Much ado about nuffin'

Even Scousers are now beginning to speak Estuary English. Louisa Young has some advice for parents whose children don't talk proper

[The Guardian, London, Wednesday June 2, 1999]

Parents across the nation will now be suffering in the same way that middle class parents have suffered since the 60s: their children don't talk like them. The Scouse accent, we are told, is getting contaminated; Middlesbrough, Leeds, even Glasgow, are also suffering. New research suggests that Estuary English, that semi-convincing Cockney/sloppy hybrid, is taking over the nation. Even the accents which you might have thought could hold their own if only because no one outside the area could understand them, with the resulting diminution of accent-affecting conversation with outsiders are giving way to the glottal stop, the F or V for TH, the voice of EastEnders, Jonathan Ross and Birds of a Feather.

Accents shift and change; of course they do, they always have. Personally, I think the loss of the Liverpool voice would be a bloody shame. But we're not talking loss, we're talk ing change, and one of the funniest thing about change is people's reactions to it parents, for example, when their child comes home with a voice different to the one they've had so far. (One of the absurd and only semi-admitted reasons that parents who cling to public school education do so is because they want their infants to talk proper: the pure and ungeographical Queen's English.)

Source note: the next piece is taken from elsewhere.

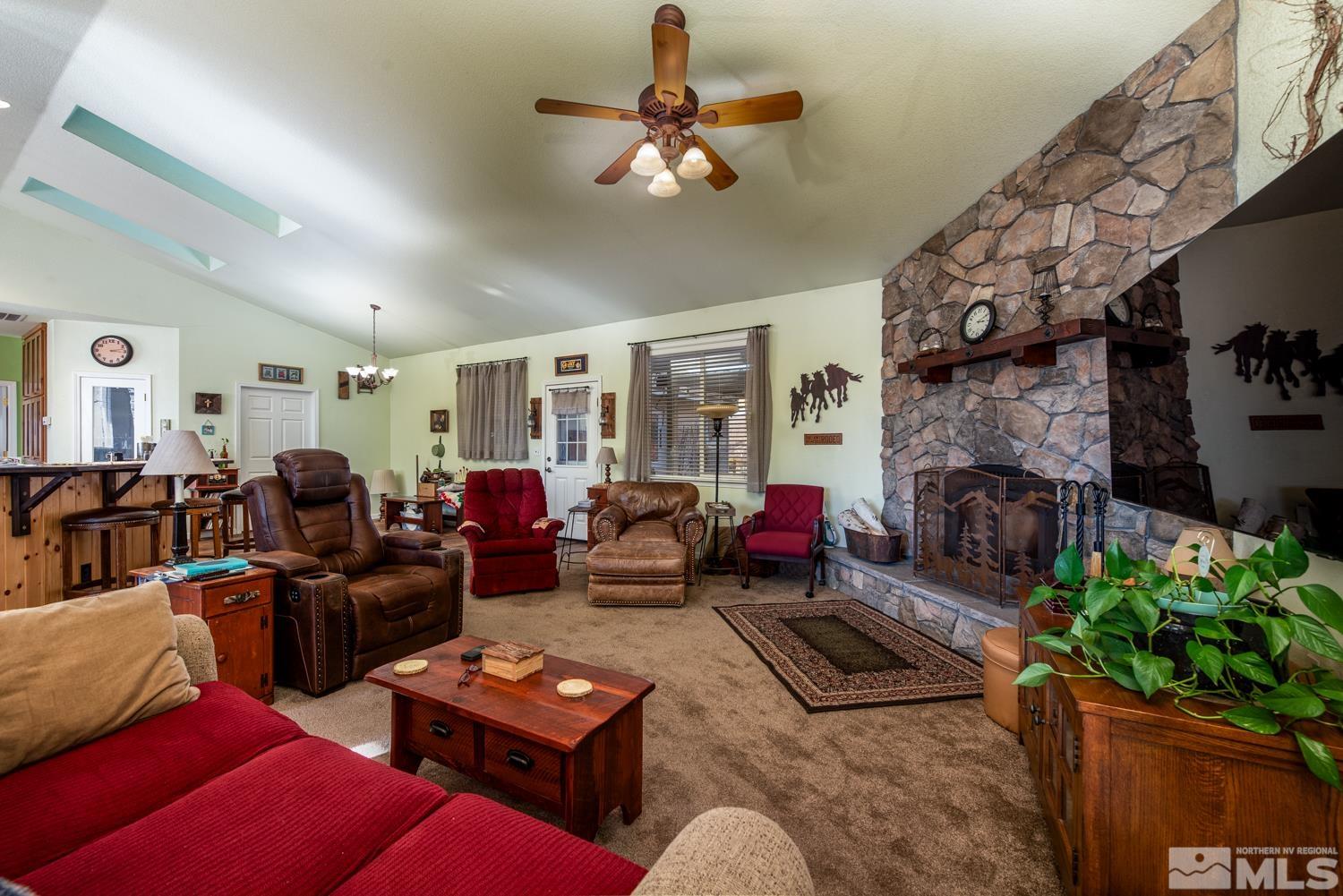 1480 Johnson Lane Minden, NV 89423 - Photo 14 of 31 a living room with furniture flower pot and a fireplace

It's interesting, too, when children go to school with an accent different to what the teachers expect. An early memory: me, aged five, central London posh kid at a state school. Teacher: "Don't say what, say pardon." Mum and Dad: "Don't say pardon, say what." A later memory: at a pretty grand girls public school, the teachers were visibly struggling to know what to do with the vocal chords of a pure and unadulterated Cockney.

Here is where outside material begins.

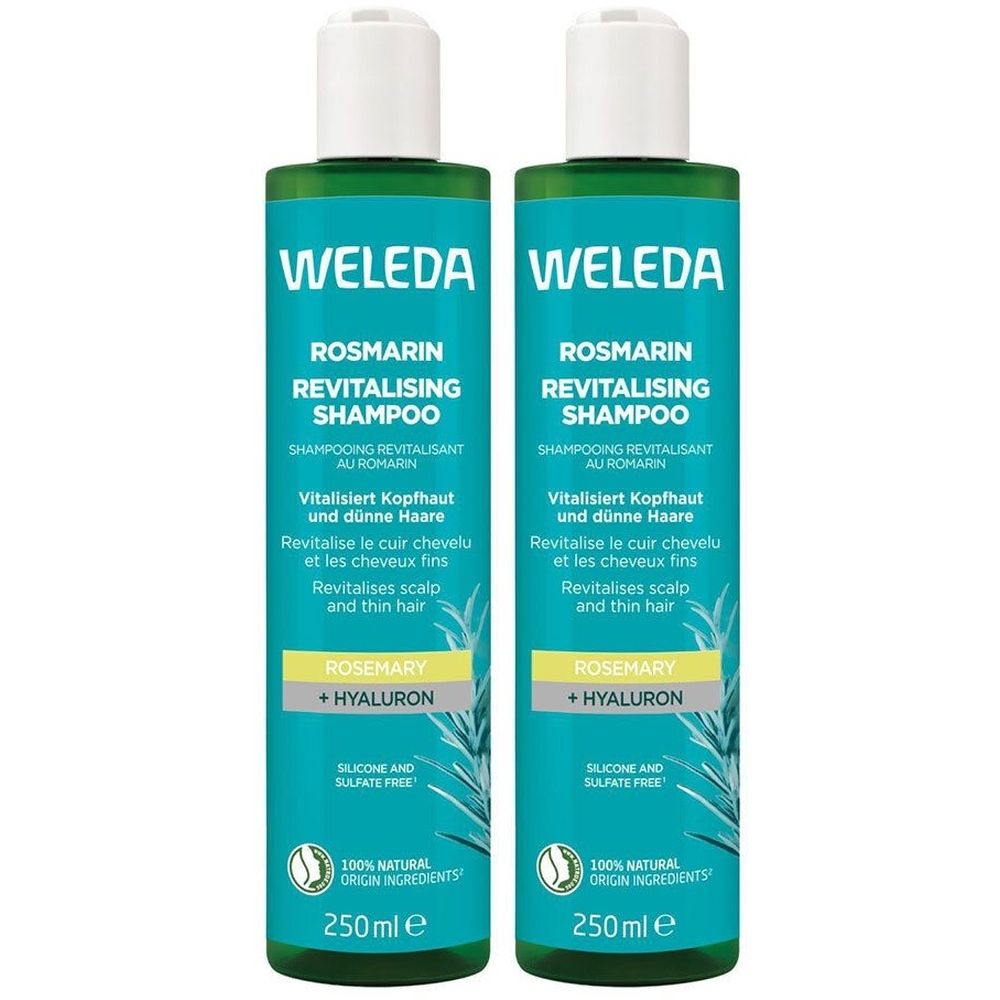Deux flacons de shampooing revitalisant au romarin Weleda. Flacons turquoise avec bouchon blanc. Texte : Romarin, Hyaluron, 250ml.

They correct her spelling, should they "correct" her accent? She held out firm while the rest of us, and our languid vowels, slipped and slid around the great range of voices and identities that adolescents adopt.

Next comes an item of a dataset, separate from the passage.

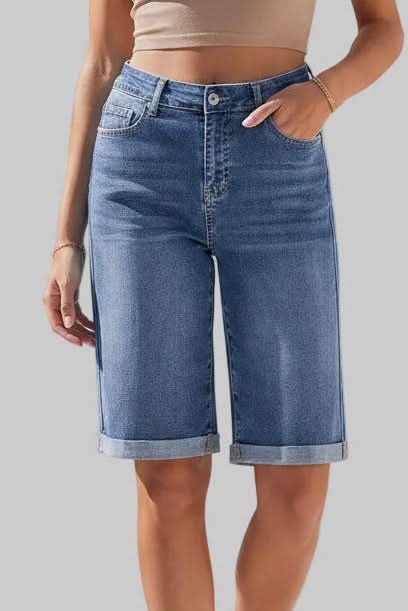 Chic high-rise long shorts for women, offering a flattering and relaxed fit for modern summer fashion.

And that is a lot of what accent change is about: youngsters trying things on before reverting, often enough, to parental type. Needless to say, like most urban children with any degree of social mobility, I soon acquired an accent for every occasion, which ranged in their influences from PG Wodehouse's braying aunts, via the different languages spoken by the 54 different nationalities at my primary school, to whoever I happen to be talking to at the time.

I still can't drink in the company of an Irish person without falling into some ludicrous simulacrum of a Cork accent, soaked up at my nanny's knee: it was my first accent, and is still not far beneath the surface.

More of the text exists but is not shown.